4.2—We began to read in the middle of this scene. Hal has thought his father dead and has taken the crown from the king's side. Henry recalls the exhausting efforts he has made to restore right rule in the land and angrily predicts catastrophe for England under Hal's rule: "For the fifth Harry from curbed license plucks/ The muzzle of restraint, and the wild dog/ Shall flesh his tooth in every innocent." The Vice Dean reminded us of Henry V before Agincourt, meditating in soliloquy on the burdens of kingship.

A member saw Henry IV making a transition from justifying himself for his past acts to a more statesmanlike attitude, worrying about his country's future. Another member wondered why the king should condemn Hal so violently: what has Hal done to provoke such an attack? Others: Hal's tavern life seems to promise a debauched king who ignores law and order. Another member: "Henry sees himself in Hal." Perhaps he recalls his own disruption of proper order in winning the people's favor and then seizing the crown. A member mentioned the importance of the crown as symbolic object on stage here as it was in the

deposition scene in Richard II. The Vice Dean: Shakspere does not show us any attempt by Hal to take power, but the king sees his younger self in his son. A member: Hal in fact chose a better man than Dad as his father figure! Fat, jolly, life-affirming, a boon companion, a master of witty language.

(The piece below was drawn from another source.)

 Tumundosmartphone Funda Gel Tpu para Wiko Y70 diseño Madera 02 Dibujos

Another member asked for sympathy for Henry: he truly fears for England's future, after the civil wars he has had to fight with a series of rebels. The king makes an eloquent final speech to Hal as he nears his death. He is full of guilt about seizing the royal power. Hal will benefit by his father's death: "For all the soil of the achievement goes/ With me into the earth." He fears God's judgment for the "by-paths and indirect crooked ways" by which "I met this crown." The Vice Dean: does Henry at last face justice here? A member: in Act Three, Henry said that he was "forced" by circumstance to become king. A refreshing readiness to take responsibility here? A member: Henry was of "mixed mind"; he allowed himself to be drafted to run, so to say, knowing he was morally wrong to do so.

5.1—Falstaff visits his old friend Justice Shallow in the boonies. A member wittily recalled Ava Gardner's comment, "Deep down, I'm shallow." Both men want to use the other for their own purposes. Falstaff has a fine long soliloquy sneering at his skinny friend, thinking of how he will entertain Hal in telling stories about this pompous, ridiculous country bumpkin who thinks himself a man of distinction.

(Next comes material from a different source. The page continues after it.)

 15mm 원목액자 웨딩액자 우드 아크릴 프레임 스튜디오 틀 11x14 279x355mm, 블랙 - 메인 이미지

5.2—The Lord Chief Justice meets King Henry V, expecting disaster, since he imprisoned the king when he was an unruly prince who insulted authority. The new king upbraids the Justice for his earlier behavior; the Justice eloquently retorts that he had defended "The majesty and power of law and justice." A member: a great performance as a lawyer by the LCJ! Henry V commends the old man, offers his hand, and promises, "You shall be as a father to my youth." He promises to "frustrate prophecies" that he would be a lawless monarch.

The Vice Dean called this scene the "rehabilitation of Hal," a reformation the prince had promised as early as his soliloquy in 1.4 of Part One. A member disdained Hal's "insincere fawning" over the Justice as he had over his father, in

sharp contrast to the prince's witty and frank exchanges with Falstaff, "Give and take between equals": wit, fun, a close mutual bond. Another member: Hal makes no promises as to what he will do as king, despite his airy generalities. A member: Hal never tells Falstaff before Hal becomes king that he will have to dismiss the fat man from his presence once Hal rules. A guest: we wonder how Hal will now rule as king, not convinced that he can walk the walk. A member: Henry V "takes the high ground" with the LCJ, a good augury that he will defend law and order as monarch. A member: we now have "measurable expectations" by which to judge the new king as he begins his rule.

The Vice Dean asked us to return to an old idea about Hal as prince: that he had been offered three models of how to rule, by Henry, Hotspur, and Falstaff. Only Falstaff still lives. We are left in suspense as to the model Hal will follow in ruling England as Henry V. Hal has not followed anyone else's lead up to the point that he begins his reign.